Hot tears streak down my face. I swipe at them angrily, furious with myself that once again—even after all this time—my father has reduced me to the weakling he always believed I was.

“Fuck.”

This is not what I wanted to do here. I didn’t come down here to cry at my father’s bedside. I sure as hell didn’t come here to cry for myself.

I glance over my shoulder toward the closed door. Avery leans against the wall on the opposite side of the corridor, her face turned askance, granting me the privacy she promised.

I didn’t have a plan for what I would say to him, or even what I hoped to hear. I still don’t know why I’ve come, other than to prove to her that I could.

For her—for us—I would do anything. I want to. But I can’t do this.

Not in front of him, even if he doesn’t realize I’m here.

I can’t do this in front of her.

Now that I’m in here, all I want to do is get the hell out of the room.

“Shit.” Shamed, I turn my face into my arm, drying my cheek on the short sleeve of my shirt. “You win, Dad. You were right. I’m a fucking pussy, just like you always said.”

I turn away from the bed and stalk out of the room on a harsh curse.
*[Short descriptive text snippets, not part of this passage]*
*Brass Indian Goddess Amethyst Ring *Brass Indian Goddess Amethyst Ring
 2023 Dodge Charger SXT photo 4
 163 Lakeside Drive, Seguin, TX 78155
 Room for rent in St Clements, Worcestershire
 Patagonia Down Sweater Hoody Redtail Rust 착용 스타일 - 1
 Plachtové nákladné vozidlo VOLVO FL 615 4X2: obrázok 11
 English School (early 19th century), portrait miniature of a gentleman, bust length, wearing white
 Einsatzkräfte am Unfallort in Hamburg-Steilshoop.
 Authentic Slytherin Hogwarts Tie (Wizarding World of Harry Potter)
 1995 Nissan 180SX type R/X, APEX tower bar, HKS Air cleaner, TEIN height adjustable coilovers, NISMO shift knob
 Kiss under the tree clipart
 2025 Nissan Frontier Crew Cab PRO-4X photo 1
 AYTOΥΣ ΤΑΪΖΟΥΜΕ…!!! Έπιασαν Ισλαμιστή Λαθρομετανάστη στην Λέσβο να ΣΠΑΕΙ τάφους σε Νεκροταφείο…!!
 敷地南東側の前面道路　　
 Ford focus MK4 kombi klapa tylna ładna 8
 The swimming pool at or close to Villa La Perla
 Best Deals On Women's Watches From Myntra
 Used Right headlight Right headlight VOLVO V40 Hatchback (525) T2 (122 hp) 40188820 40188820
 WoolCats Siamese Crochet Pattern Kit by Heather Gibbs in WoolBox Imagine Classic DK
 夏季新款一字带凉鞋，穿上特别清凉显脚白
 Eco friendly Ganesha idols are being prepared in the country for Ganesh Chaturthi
“Nick?” Avery’s confused, then disappointed look as I exit to the hallway just about kills me.

I don’t pause to explain. I can’t. “I need to get out of here.”

“Okay.”

She falls in at my side, hurrying along with me as my feet guide me on a swift, urgent path out of the building. I don’t breathe again until I’m in the parking lot.

Then, once I’m out of the medicinal stench of the building, all of the air in my lungs explodes out of me in a violent, wracking sob.